*What the exercise asks*.
The answer must consist solely of the lines below starting at the one containing "Fashion Show - Balenciaga" and ending at the one containing "ps4 کپی خور fat", repeated exactly, with both ends included and all pictures omitted.

*Data for analysis*.
○ ○ ○ ○
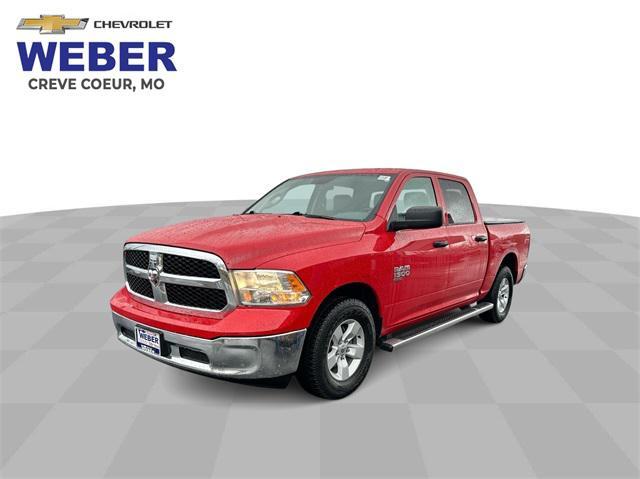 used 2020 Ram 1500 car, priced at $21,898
○ ○ ○ ○
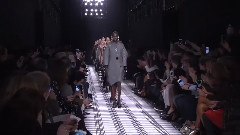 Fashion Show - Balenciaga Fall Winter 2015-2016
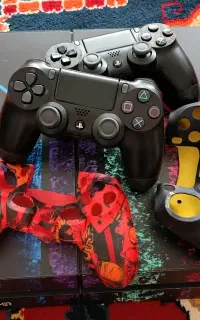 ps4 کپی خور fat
○ ○ ○ ○
*Your solution*.
 Fashion Show - Balenciaga Fall Winter 2015-2016
 ps4 کپی خور fat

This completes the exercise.